Un ancien dirigeant arrêté

De 1997 à 2002, le directeur des systèmes informatiques de la SOGIQUE était Patrick Fortin. Selon son compte Linkedin, il fait partie de cofondateurs de la SOGIQUE. C’est lui qui préparait les dossiers informatiques pour qu’ils soient présentés au conseil d’administration. Si le nom vous dit quelque chose, c’est qu’il a été arrêté pour fraude par l’UPAC au début du mois relativement à ses fonctions alors qu’il travaillait chez IBM.

De 2006 à 2012, la patronne de la SOGIQUE était Josée Noreau, une ex-conseillère de Jean Charest et ex-candidate du Parti libéral. Elle est formée en sciences politiques et en administration. Reconnue pour ses qualités de gestionnaire, elle n’a toutefois aucune formation en informatique. Lorsque la SOGIQUE a donc été dissoute, elle a dû se trouver un nouvel emploi et le gouvernement libéral l’a nommée vice-présidente au Centre des services partagés du Québec, plus grand donneur d’ouvrages en informatique au gouvernement.

Jessica Nadeau, du Devoir, a publié le mois dernier un reportage plus que préoccupant pour témoigner du malaise et du manque de transparence concernant les activités de la SOGIQUE. Un contrat de gré à gré atteignant 3 M$ a été octroyé à une firme informatique, mais c’était impossible pour le public de le savoir. Il n’était pas affiché sur le site internet gouvernemental prévu à cet effet.
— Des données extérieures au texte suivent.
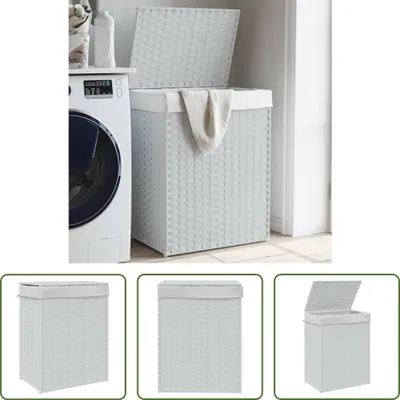 Immagine prodotto di The Living Store Cesto portabiancheria con coperchio Bianco 46x33x60 cm Poly Rattan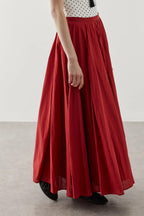 Red Panel Flare Skirt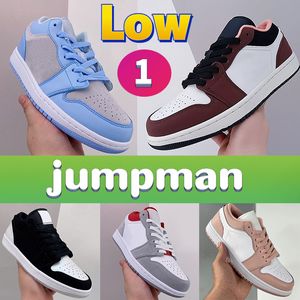 Jumpman 1 1s Low Basketball Shoes Mens Og Unc Bleached Coral Diamond Shorts SE Light Smoke Gray Gym Red Arctic Punch White Tang Gum Paint Drip Men Women Sneakers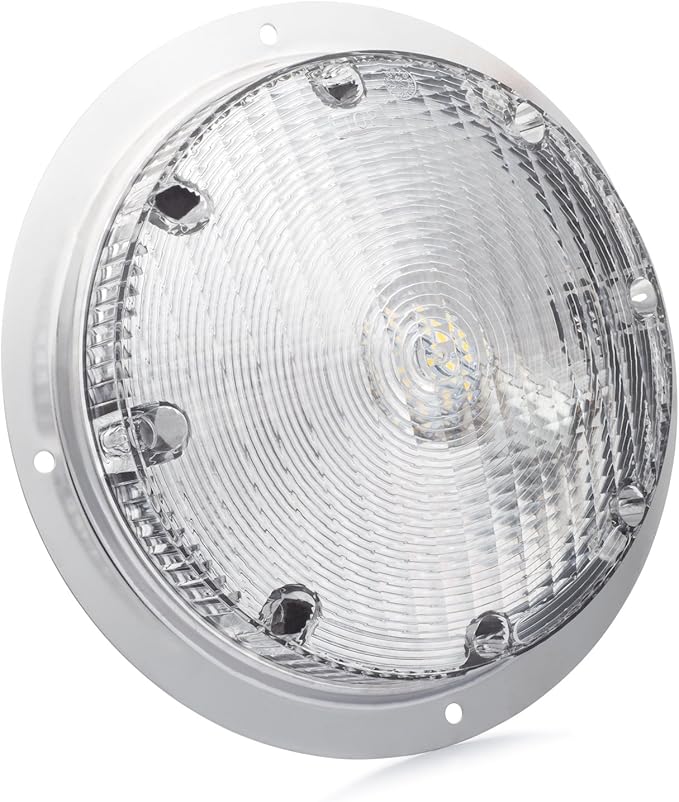 Lumitronics RV Trailer Camper 5th Wheel LED Round Surface Mount Scare Light, Mounting Gasket Included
S’il n’était pas affiché publiquement, c’est parce que le contrat a été signé par la SOGIQUE avant sa dissolution. Et comme la SOGIQUE ne joue pas selon les mêmes règles qu’un ministère, l’organisation a décidé de ne pas dire au public que ce contrat sans appel d’offres a été octroyé.
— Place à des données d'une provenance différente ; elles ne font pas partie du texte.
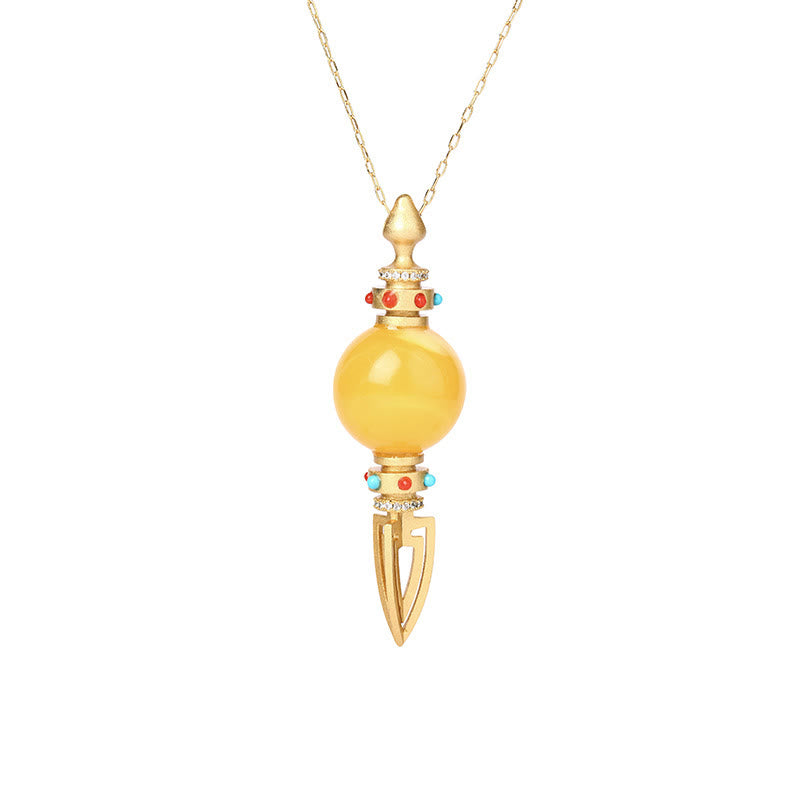 Wear FengShui 24K Gold Plated Amber Dorje Vajra Clear Anxiety Necklace Pendant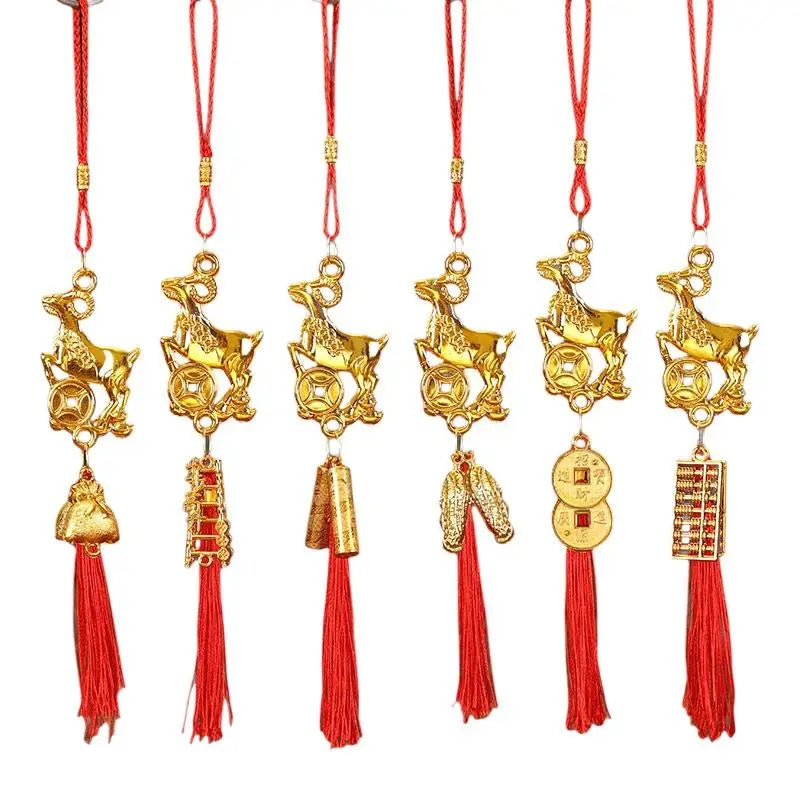 Golden Chinese Zodiac Goat Ornament with Red Tassel Lucky Charm Hanging Ornament Nixie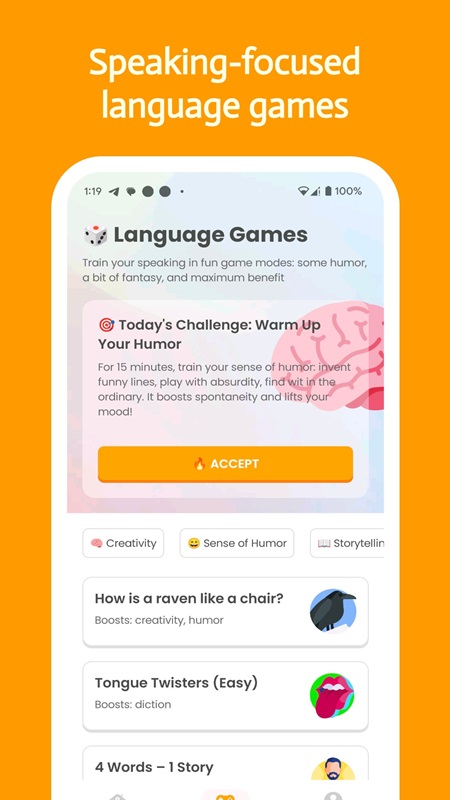 Choose and participate in language games in Talksy MOD APK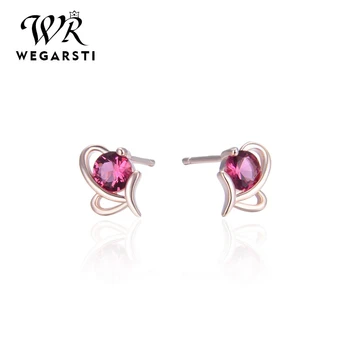 WEGARSTI 925 Sterling Silver Classic Clear Cubic Zircon Rose Gold With Ruby Stud Earrings For Women Sterling Silver Jewelry Gift
WEGARSTI 925 Sterling Silver Classic Clear Cubic Zircon Rose Gold With Ruby Stud Earrings For Women Sterling Silver Jewelry Gift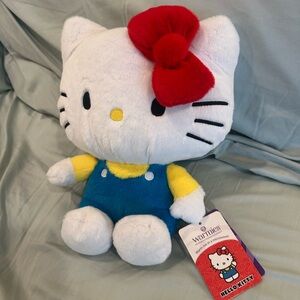 Warmies Hello Kitty Plush in Blue Overalls with Red Bow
Depuis le 1er janvier 2013, la SOGIQUE a été intégrée au ministère. Donc ce contrat, qui s’est prolongé avec le ministère, doit être affiché publiquement depuis deux ans.

Mais non, le ministère a visiblement oublié ou avait d’autres choses à faire, peut-on conclure en lisant l’article du Devoir.

À la lumière de cette information, peut-on se questionner un peu plus sur les contrats que la SOGIQUE a octroyés durant toutes ces années? On peut se poser des questions, mais ça s’arrête là. La SOGIQUE n’était pas soumise à la Loi sur l’accès à l’information… C’est triste. Au moins, le service d’accès à l’information du ministère de la Santé est particulièrement collaborateur et tentera d’obtenir l’information, mais si les documents n’ont pas été conservés, car la SOGIQUE n’était pas obligée de le faire, cela ne servira à rien.

Pour démontrer l’inaccessibilité des informations émanant de la SOGIQUE, voici l’échange que j’ai eu avec le ministère de la Santé sur un autre sujet lors des derniers mois:

Le 31 octobre, je demande au ministère combien d’argent la SOGIQUE a versé pour un service précis entre 2006 et 2012.

Le 4 novembre, le ministère me répond ne pas être en mesure de répondre, car entre 2006 et 2012, la SOGIQUE était un OSBL et n’avait pas encore été intégrée au ministère.

Le 4 novembre, je réponds au ministère: «donc, si je veux poser des questions sur la SOGIQUE avant 2012, à qui dois-je m’adresser?» (Je ne comprenais pas qu’on ne puisse ne pas me répondre sur un organisme qui dépense notre argent et qui est affilié au ministère)

18 novembre, je n’avais pas reçu de réponse donc je laisse un message vocal. Et je demande des nouvelles par courriel.

Le 18 novembre, on me répond que quelqu’un va aux nouvelles pour moi.

Le 21 novembre, je n’ai pas eu de nouvelles et je les relance.

Le 24 novembre, je n’ai pas eu de nouvelles et je les relance.

Le 25 novembre, je n’ai pas eu de nouvelles et je les relance.

Le 25 novembre, on me répond qu’on me reviendra

Le 2 décembre, j’écris au ministère pour mentionner que ça fera bientôt un mois que j’ai posé ma question.

Le 2 décembre, on me répond que je dois faire une demande d’accès à l’information. J’ai donc attendu un mois pour rien.

Le 3 décembre, je demande pourquoi cela a pris un mois pour me répondre qu’on ne pouvait pas me répondre. La même journée, on me répond que les employés des relations médias ont un horaire très chargé.

Finalement, je n’ai jamais obtenu l’information précisément demandée.